5.7 Workflow and log
The code as it is will not produce anything, because another part is needed that will actually call the process and connect it to the input channel.
This part is called a workflow.
Let’s add a workflow to our code:
#!/usr/bin/env nextflow
nextflow.enable.dsl=2
str = Channel.from('hello', 'hola', 'bonjour')
process printHello {
tag { "${str_in}" }
input:
val str_in
output:
stdout
script:
"""
echo ${str_in} in Italian is ciao
"""
}
/*
* A workflow consists of a number of invocations of processes
* where they are fed with the expected input channels
* as if they were custom functions. You can only invoke a process once per workflow.
*/
workflow {
result = printHello(str)
result.view()
}
We can run the script this time sending the execution in the background (with the -bg
option) and saving the log in the file log.txt
.
5.7.1 Nextflow log
Let’s inspect now the log file:
cat log.txt
N E X T F L O W ~ version 20.07.1
Launching `test1.nf` [high_fermat] - revision: b129d66e57
[6a/2dfcaf] Submitted process > printHello (hola)
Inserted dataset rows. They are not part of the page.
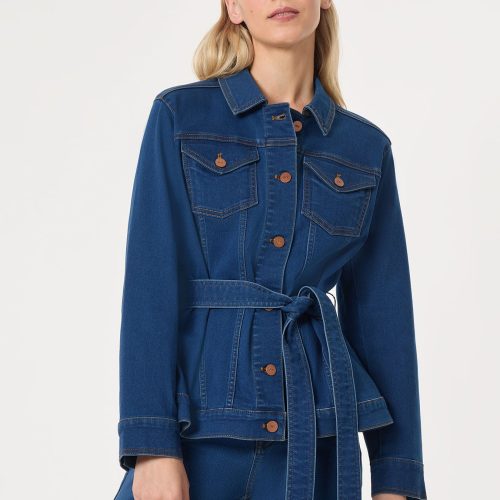 Denim Belted Button-Front Jacket, Phoenix Wash in the Color Phoenix Wash | Jones New York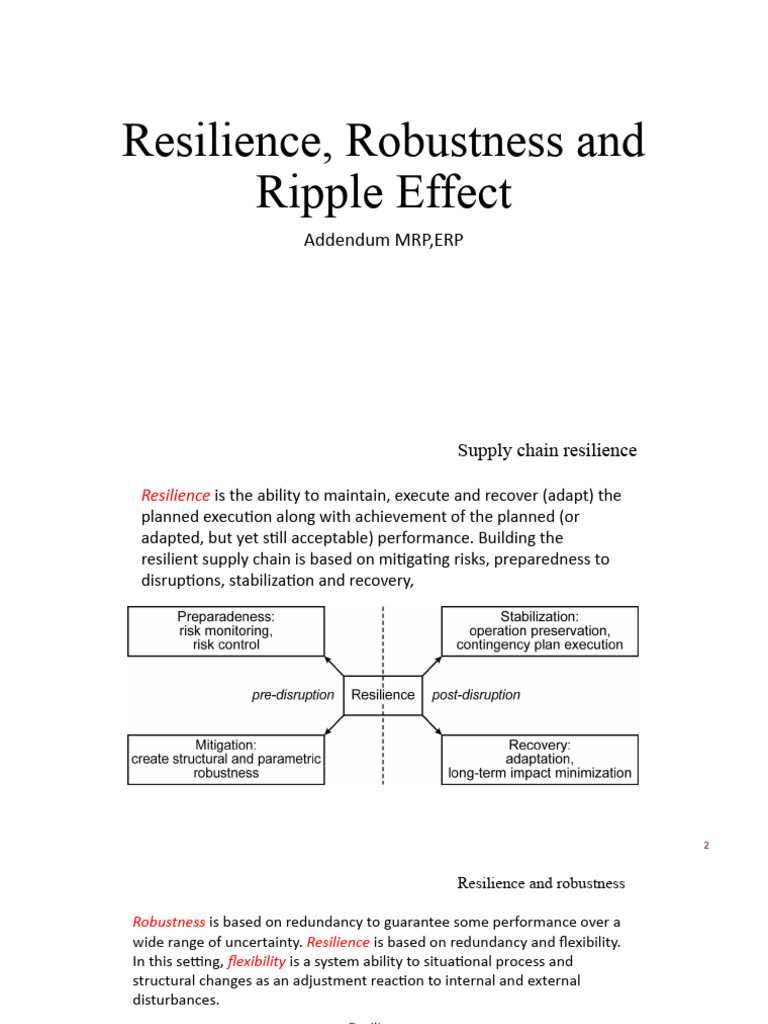 MRP ERP Resilience, Robustness and Ripple Effect | PDF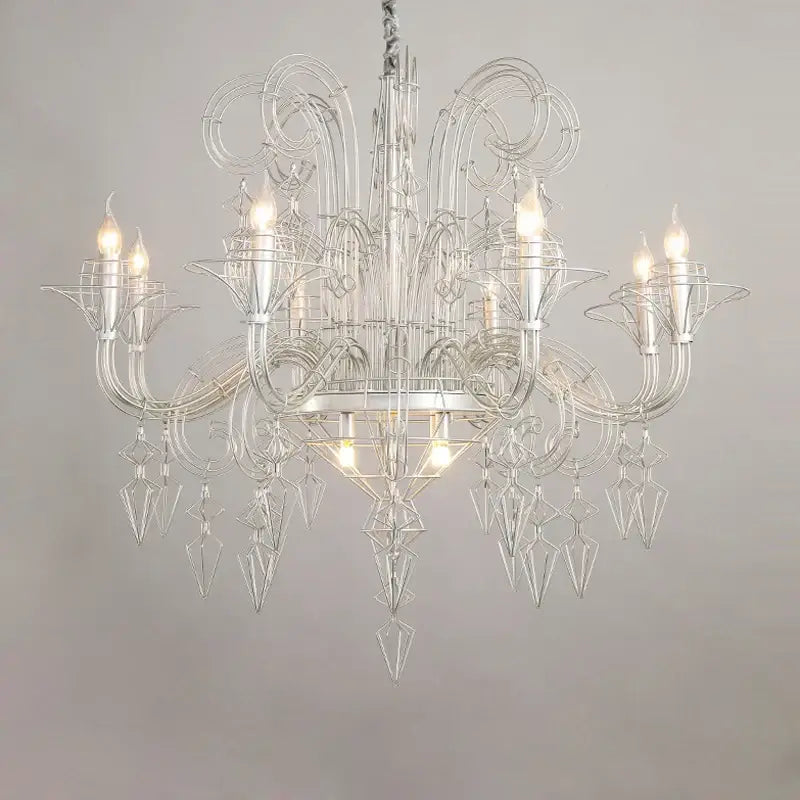 Elegant silver decorbites baroque iron designer led chandelier with intricate wireframe and crystal accents for foyer hanging lamp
[24/a286da] Submitted process > printHello (hello)
[04/e733db] Submitted process > printHello (bonjour)
hola in Italian is ciao
hello in Italian is ciao
bonjour in Italian is ciao
The tag allows us to see that the process printHello was launched three times on the hola, hello and bonjour values contained in the input channel.
At the start of each row, there is an alphanumeric code:
[6a/2dfcaf] Submitted process > printHello (hola)
This code indicates the path in which the process is “isolated” and where the corresponding temporary files are kept in the work directory.
IMPORTANT: Nextflow will randomly generate temporary folders so they will be named differently in your execution!!!
Let’s have a look inside that folder:
# Show the folder's full name
echo work/6a/2dfcaf*
work/6a/2dfcafc01350f475c60b2696047a87
# List was is inside the folder
ls -alht work/6a/2dfcaf*
total 40
-rw-r--r-- 1 lcozzuto staff 1B Oct 7 13:39 .exitcode
drwxr-xr-x 9 lcozzuto staff 288B Oct 7 13:39 .
-rw-r--r-- 1 lcozzuto staff 24B Oct 7 13:39 .command.log
-rw-r--r-- 1 lcozzuto staff 24B Oct 7 13:39 .command.out
-rw-r--r-- 1 lcozzuto staff 0B Oct 7 13:39 .command.err
-rw-r--r-- 1 lcozzuto staff 0B Oct 7 13:39 .command.begin
-rw-r--r-- 1 lcozzuto staff 45B Oct 7 13:39 .command.sh
-rw-r--r-- 1 lcozzuto staff 2.5K Oct 7 13:39 .command.run
drwxr-xr-x 3 lcozzuto staff 96B Oct 7 13:39 ..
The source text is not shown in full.